How to prove $ \sum_{k=3}^n \binom nk \binom k3 =\binom n3 2^{n-3} $ How to prove this?
$$
\sum_{k=3}^n \binom nk \binom k3 = \binom n3 2^{n-3}
$$
It seems that some terms in the binomial coefficients cancel out:
$$\binom nk \binom k3  = \frac{n!}{k!(n-k)!} \cdot \frac{k!}{(k-3)!3!} = \frac{n!}{(n-k)!(k-3)!3!}.$$
But it's not clear whether this can be simplified further.
Thank you
 A: Hint:Note 
$$\binom{k}{3}\binom{n}{k}=\dfrac{k(k-1)(k-2)}{6}\binom{n}{k}=\dfrac{n(n-1)(n-2)}{6}\binom{n-3}{k-3}$$
A: Try to evaluate these expressions combinatorially. The left side counts the number of ways to choose some $k$ number of objects from $n$ objects, and then choosing $3$ from that $k$, for any $k$ such that $3\leq k\leq n$. That's the harder side the evaluate- can you see how the right side counts the same thing?
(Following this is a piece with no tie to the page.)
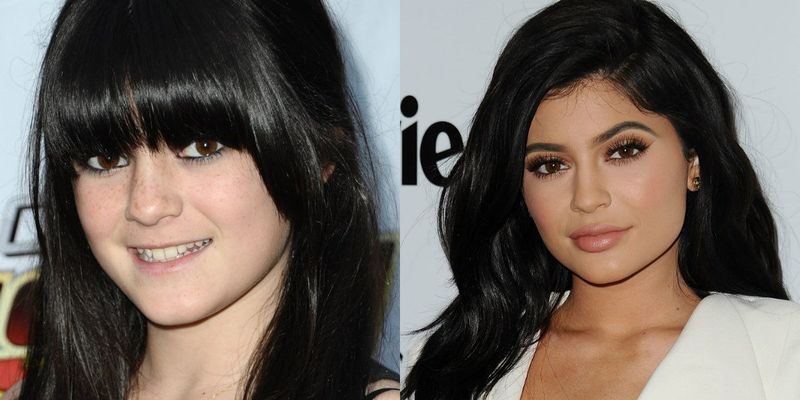 kylie20jenner20plastic20surgery20collage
A: The cross product of binomial coefficients
\begin{align*}
\binom{n}{k}\binom{k}{j}=\binom{n}{j}\binom{n-j}{k-j}
\end{align*}
indicates a slight generalisation.

We obtain
  \begin{align*}
\sum_{k=j}^n\binom{n}{k}\binom{k}{j}&=\sum_{k=j}^n\binom{n}{j}\binom{n-j}{k-j}\\
&=\binom{n}{j}\sum_{k=0}^{n-j}\binom{n-j}{k}\\
&=\binom{n}{j}2^{n-j}
\end{align*}

A: How many $n$-digit strings are there in ternary (using only the numbers $0$, $1$, and $2$) that use exactly three $0$'s?  Each term in the sum on the left picks out $k$ digits that are less than $2$ and then, among these $k$, the $3$ digits that are $0$.  The right hand side picks out the $3$ digits that are $0$ and then, among the remaining $n-3$ digits, lets each one be either a $1$ or a $2$.
A: From the left side extract $n!$ and $3!$ You are then left with
$\sum_{k=3}^{n} \frac{1}{(n-k)! (k-3)!}$
You can then replace $k$ by $n-k$ in the above summation to arrive at
$ \sum_{k=n-3}^{0} \frac{1}{(n-k-3)! k!}$.
The summand looks now like an $n-3$ choose something which we engineer as
$ \frac{1}{(n-3)!}\sum_{k=0}^{n-3} \frac{(n-3)!}{(n-3-k)! k!}$.
which is $ \frac{1}{(n-3)!} 2^{n-3}$.
Now replace the  $n!$ and $3!$ you took out earlier.